When Chuck Norris goes to donate blood, he declines the syringe, and instead requests a hand gun and a bucket.


----------



## jchedj (Jan 6, 2008)

As I said " the proof is in the pudding " and you have no pudding

Just a lot of opinionated " CHUCK NORRIS " HOT AIR
and no video proof


----------



## zogman (Mar 20, 2002)

On a similar line, ask Plainsman what it feels like to get to the top of the Killdeer Mountains and discover you left all of your arrows in the vehicle back in camp. He's lucky we shoot the same arrows.

Now that is a very serious Senior moment oke: :rollin:


----------



## Plainsman (Jul 30, 2003)

zogman said:


> On a similar line, ask Plainsman what it feels like to get to the top of the Killdeer Mountains and discover you left all of your arrows in the vehicle back in camp. He's lucky we shoot the same arrows.
> 
> Now that is a very serious Senior moment oke: :rollin:


No kidding. In my bolt actions I stay clear of the removable mags when possible. We were at the very top of North Rider mountain in Colorado elk hunting. This fellow walks up to us and asks what cartridge we are shooting. He had left his mag and ammo back in camp three miles down the mountains.


----------



## People (Jan 17, 2005)

Are you kidding me? What proof do you want? I am confused at this point. I can tell you are super proud that you have hit targets at 1,000yds. with a stock rifle.

According to your second vid your bullets come in with 600ft/lbs. Please explain to me how that is the most outstanding thing ever? Chipping paint is one thing but harvesting critters is totally another as you state it is a "hunting rifle". My 338LM finally drops below your starting energy at 860yds. So my 338LM finally gets to the subsonic barrier at 1,690yds with 821ft/lbs. That is still more than your 600ft/lbs at 1,000yds. Your wonderful 7mm-08 has the retained energy of my bullet at just past 800yds. Almost half the distance. Bravo on subpar performance. Basically at 70yds less than a mile my rifle is doing what yours is at just past 800yds.

Sure my 338LM has many costs for that performance. 
1.	Rifles are always expensive
2.	Brass is spendy but it is a one-time buy until it is trash. 
3.	My hand loads cost me a buck a shot. Well it is actually $0.99? close enough to a buck for me. 
4.	The tube life is on the short side but not so short it should not be shot.
5.	Rifle weight is 18lbs
6.	It is very noisy
7.	No one likes to be with you when it is being shot.

Am I saying the 338LM is the best round out there? No. It is just a round that fills specific role as does your 7mm-08. Your rifle gets you to 1k and chips paint pretty well. Groups pretty good also. Would it be a good choice for deer hunting at 1,000yds compared to the bigger calibers? Is the 7mm-08 a good hunting caliber?
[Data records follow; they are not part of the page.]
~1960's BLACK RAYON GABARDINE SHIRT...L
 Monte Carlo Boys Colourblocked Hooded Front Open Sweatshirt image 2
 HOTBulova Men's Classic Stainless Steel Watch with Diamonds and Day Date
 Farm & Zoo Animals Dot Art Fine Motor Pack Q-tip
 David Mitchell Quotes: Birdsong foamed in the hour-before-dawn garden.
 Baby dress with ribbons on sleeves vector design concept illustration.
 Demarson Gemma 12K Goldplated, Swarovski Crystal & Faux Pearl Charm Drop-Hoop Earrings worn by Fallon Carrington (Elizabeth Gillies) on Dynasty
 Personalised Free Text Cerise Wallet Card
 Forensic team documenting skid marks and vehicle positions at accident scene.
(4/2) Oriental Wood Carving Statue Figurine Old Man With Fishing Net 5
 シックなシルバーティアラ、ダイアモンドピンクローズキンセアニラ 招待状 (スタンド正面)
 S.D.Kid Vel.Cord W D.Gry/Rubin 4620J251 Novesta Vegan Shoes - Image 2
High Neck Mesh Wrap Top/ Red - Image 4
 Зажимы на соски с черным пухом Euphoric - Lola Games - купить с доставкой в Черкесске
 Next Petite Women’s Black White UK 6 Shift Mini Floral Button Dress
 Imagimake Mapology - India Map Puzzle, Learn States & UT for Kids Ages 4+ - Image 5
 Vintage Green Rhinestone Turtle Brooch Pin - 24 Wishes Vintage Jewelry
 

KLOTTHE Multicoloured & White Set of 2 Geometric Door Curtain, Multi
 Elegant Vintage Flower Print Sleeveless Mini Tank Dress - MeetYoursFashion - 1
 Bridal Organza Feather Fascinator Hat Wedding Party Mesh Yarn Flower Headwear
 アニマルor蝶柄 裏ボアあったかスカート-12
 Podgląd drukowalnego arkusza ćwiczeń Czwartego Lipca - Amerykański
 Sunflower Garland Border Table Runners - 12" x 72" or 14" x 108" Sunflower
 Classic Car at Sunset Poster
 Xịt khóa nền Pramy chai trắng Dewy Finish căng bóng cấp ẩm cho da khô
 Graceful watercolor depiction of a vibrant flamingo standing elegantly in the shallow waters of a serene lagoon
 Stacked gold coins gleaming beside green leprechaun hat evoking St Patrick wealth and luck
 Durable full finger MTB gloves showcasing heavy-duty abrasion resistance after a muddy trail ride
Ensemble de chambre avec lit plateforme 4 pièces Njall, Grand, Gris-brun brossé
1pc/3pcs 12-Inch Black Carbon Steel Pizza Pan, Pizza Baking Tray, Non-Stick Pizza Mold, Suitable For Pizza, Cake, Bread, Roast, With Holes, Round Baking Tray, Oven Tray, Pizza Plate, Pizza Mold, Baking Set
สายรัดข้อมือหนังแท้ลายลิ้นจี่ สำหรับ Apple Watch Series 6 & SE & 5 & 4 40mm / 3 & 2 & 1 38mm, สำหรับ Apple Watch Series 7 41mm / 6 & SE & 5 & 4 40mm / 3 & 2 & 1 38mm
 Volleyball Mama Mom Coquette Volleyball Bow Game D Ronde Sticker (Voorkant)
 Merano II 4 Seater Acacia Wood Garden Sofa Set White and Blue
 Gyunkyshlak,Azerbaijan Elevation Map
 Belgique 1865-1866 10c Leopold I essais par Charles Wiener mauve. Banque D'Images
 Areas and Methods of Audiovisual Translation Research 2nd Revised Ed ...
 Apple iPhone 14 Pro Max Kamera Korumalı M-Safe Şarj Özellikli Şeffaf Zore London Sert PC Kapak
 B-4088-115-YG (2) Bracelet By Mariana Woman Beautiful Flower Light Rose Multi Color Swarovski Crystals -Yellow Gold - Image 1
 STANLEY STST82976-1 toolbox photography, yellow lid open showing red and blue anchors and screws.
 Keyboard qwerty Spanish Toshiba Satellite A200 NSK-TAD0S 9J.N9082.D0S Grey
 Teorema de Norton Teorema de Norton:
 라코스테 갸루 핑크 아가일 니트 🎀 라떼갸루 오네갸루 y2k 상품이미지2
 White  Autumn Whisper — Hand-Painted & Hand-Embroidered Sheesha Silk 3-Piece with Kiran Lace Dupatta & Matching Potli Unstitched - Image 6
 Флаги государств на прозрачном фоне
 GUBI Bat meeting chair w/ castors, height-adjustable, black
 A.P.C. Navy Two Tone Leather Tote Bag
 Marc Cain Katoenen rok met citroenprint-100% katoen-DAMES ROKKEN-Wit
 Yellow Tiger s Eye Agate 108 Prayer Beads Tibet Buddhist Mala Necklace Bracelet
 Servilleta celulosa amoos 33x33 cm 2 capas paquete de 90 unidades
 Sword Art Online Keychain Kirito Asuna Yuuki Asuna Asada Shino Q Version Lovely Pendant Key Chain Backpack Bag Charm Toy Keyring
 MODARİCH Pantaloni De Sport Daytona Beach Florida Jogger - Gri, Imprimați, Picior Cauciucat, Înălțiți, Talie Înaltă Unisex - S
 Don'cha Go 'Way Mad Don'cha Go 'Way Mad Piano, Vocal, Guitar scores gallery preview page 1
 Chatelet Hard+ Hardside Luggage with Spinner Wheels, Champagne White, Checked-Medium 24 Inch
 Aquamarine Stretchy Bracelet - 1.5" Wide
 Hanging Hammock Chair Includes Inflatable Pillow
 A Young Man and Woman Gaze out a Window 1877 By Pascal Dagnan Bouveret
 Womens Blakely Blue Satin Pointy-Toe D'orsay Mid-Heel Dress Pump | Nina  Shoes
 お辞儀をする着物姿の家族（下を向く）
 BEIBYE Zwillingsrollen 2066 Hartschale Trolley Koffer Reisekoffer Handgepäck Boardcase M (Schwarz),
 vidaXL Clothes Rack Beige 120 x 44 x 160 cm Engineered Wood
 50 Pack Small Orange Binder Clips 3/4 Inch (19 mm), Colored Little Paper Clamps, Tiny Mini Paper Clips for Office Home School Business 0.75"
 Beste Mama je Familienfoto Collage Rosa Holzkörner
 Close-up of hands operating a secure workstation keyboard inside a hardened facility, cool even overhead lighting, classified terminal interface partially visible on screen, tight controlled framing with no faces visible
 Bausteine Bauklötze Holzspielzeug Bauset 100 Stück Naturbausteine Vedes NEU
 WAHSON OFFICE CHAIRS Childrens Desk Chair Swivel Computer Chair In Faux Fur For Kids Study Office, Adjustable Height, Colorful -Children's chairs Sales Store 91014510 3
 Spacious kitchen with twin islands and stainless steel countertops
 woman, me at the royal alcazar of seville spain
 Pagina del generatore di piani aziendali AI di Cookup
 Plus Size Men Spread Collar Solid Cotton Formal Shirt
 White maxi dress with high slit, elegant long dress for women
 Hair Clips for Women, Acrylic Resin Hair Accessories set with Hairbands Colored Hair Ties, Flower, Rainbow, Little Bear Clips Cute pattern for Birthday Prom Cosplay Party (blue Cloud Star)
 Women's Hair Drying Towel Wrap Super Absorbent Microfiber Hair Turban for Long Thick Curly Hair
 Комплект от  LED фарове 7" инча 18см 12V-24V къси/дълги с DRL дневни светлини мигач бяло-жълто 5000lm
Sure is as long as you work within its and your capabilities. Same goes for a 223rem. I have shot my fair share of deer with a 223.

You ask how anyone can want more. I started why I wanted more. So have many others and you still want more " pudding" from me? What is this pudding you want?

Since you do not like Norris.

There are no steroids in baseball. Just players Chuck Norris has breathed on.

Chuck Norris once challenged Lance Armstrong in a "Who has more testicles?" contest. Chuck Norris won by 5.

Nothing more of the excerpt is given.